La obsesión del pecado minó su vitalidad. Al contrario que su amiga Sylvie, Andrée/Zaza está muy informada de las cuestiones sexuales. La señora Gallard, con una brutalidad casi sádica, ha avisado a su hija de quince años de las crudezas del matrimonio. No le ha ocultado que la noche de bodas es “un mal rato que hay que pasar”. La experiencia de Zaza ha desmentido ese cinismo; está al tanto de la magia de la sexualidad, de la turbación; los besos que se dieron su amiguito Bernard y ella no fueron platónicos. Se burla de la simplonería de las jóvenes vírgenes que la rodean, de la hipocresía de los biempensantes que “blanquea”, niega o disimula la irrupción de las crudas necesidades de un cuerpo vivo. Pero, a la inversa, sabe que es vulnerable a la tentación y un exceso de escrúpulos emponzoña su cálida sexualidad, su temperamento ardiente, su amor carnal a la vida: sospecha que hasta en el menor de sus deseos hay un pecado, el pecado de la carne. El remordimiento, el temor y la culpa la trastornan; y esa condena de sí misma refuerza en ella la tentación de renunciar, el gusto por el anonadamiento e inquietantes tendencias autodestructivas. Acaba por capitular ante su madre y Pascal, que la convencen del peligro de un noviazgo largo, y acepta desterrarse en Inglaterra, siendo así que todo su ser se niega a ello. Esa postrera imposición feroz a la que se somete acelera el desastre. Zaza murió de todas las contradicciones que la descuartizaban.

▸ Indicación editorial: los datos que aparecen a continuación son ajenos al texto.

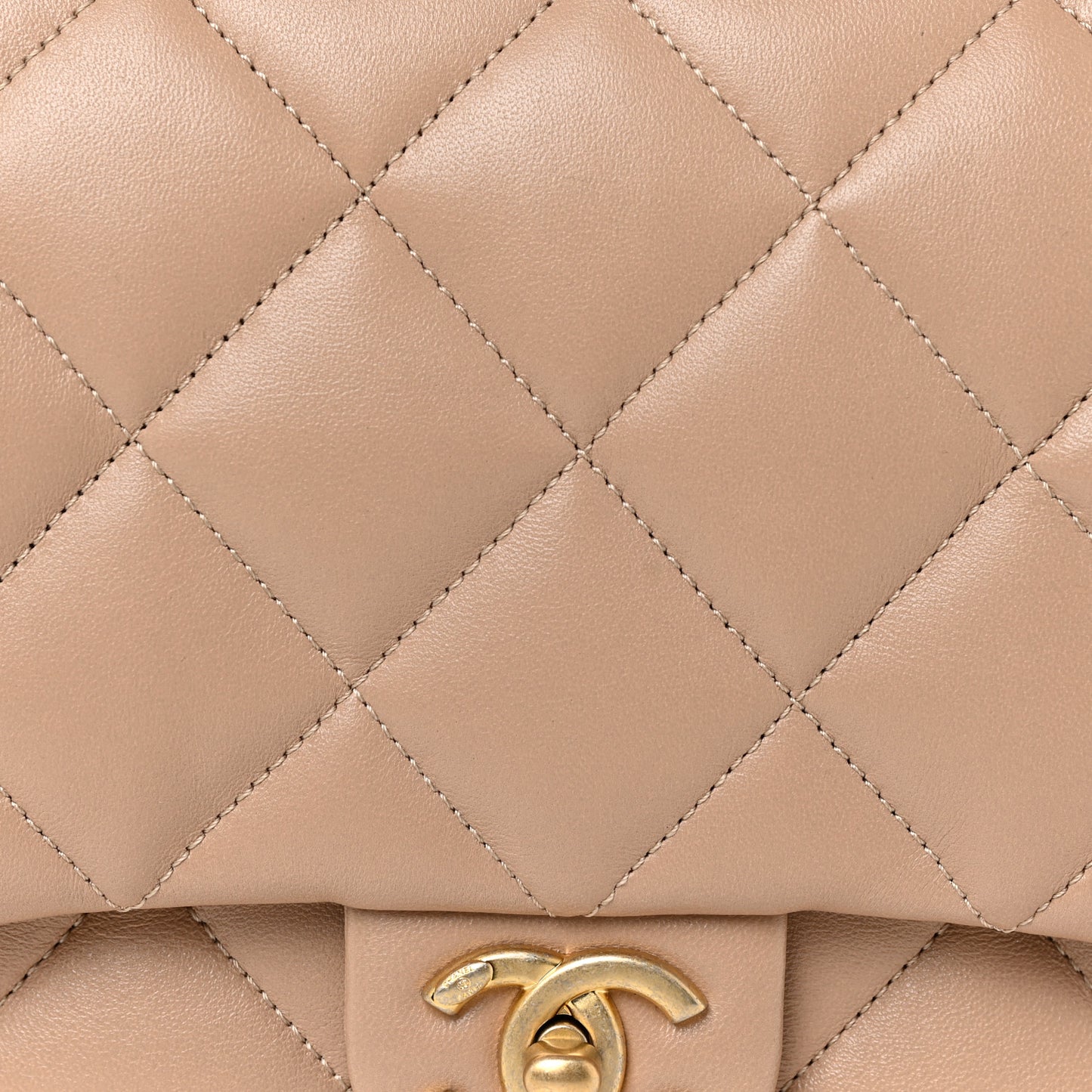 Lambskin Quilted Large CC Funky Town Flap Beige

En esta novelita, el papel de Sylvie, la Amiga, no es sino el de facilitar que comprendamos a Andrée. Como bien destaca Éliane Lecarme-Tabone, pocos recuerdos suyos aparecen, nada se sabe de su vida, de su lucha personal, de la turbulenta historia de su emancipación y, sobre todo, del antagonismo fundamental entre los intelectuales y los biempensantes -tema que constituye el eje de las Memorias de una joven formal-, que no está aquí más que esbozado. Pero vemos, pese a todo, que está mal vista en el ambiente de Andrée, donde apenas la toleran. Mientras los Gallard disfrutan de una cómoda holgura, su familia, inicialmente de una burguesía acomodada, quedó arruinada y desclasada después de la guerra de 1914. No se le ahorran disimuladas humillaciones en la vida cotidiana de sus estancias en Béthary: señalan con el dedo su peinado, su ropa, y Andrée, discretamente, le cuelga un vestido bonito en el armario. Y hay más: la señora Gallard no se fía de ella, de esa joven descarriada que estudia en la Sorbona, tendrá una profesión, se ganará la vida y la independencia. La desgarradora escena en la cocina, en la que Sylvie revela a Zaza, que se queda boquiabierta, lo que fue para ella en el pasado —todo—, es el punto en que las relaciones de ambas amigas se invierten. A partir de entonces, será Zaza la que más quiera. Sylvie tiene por delante el infinito del mundo, mientras que Andrée se encamina hacia la muerte. Pero es Sylvie/Simone quien va a resucitar a Andrée, con ternura y respeto, va a resucitarla y hacerle justicia por la gracia de la literatura. No puedo por menos de recordar que cada una de las cuatro partes de las Memorias de una joven formal concluye con las palabras siguientes: “Zaza”, “contaría”, “la muerte”, “su muerte”. Simone de Beauvoir se siente culpable porque, en cierto modo, sobrevivir es una culpa. Zaza fue el rescate; llegó incluso a escribir en unas notas inéditas “la sagrada forma” de su evasión. Pero para nosotros, esta novela corta suya ¿no cumple acaso esa misión casi sagrada que les encomendaba ella a las palabras: luchar contra el tiempo, luchar contra el olvido, luchar contra la muerte, “hacerle justicia a esa presencia absoluta del instante, a esa eternidad del instante que ya es para siempre”?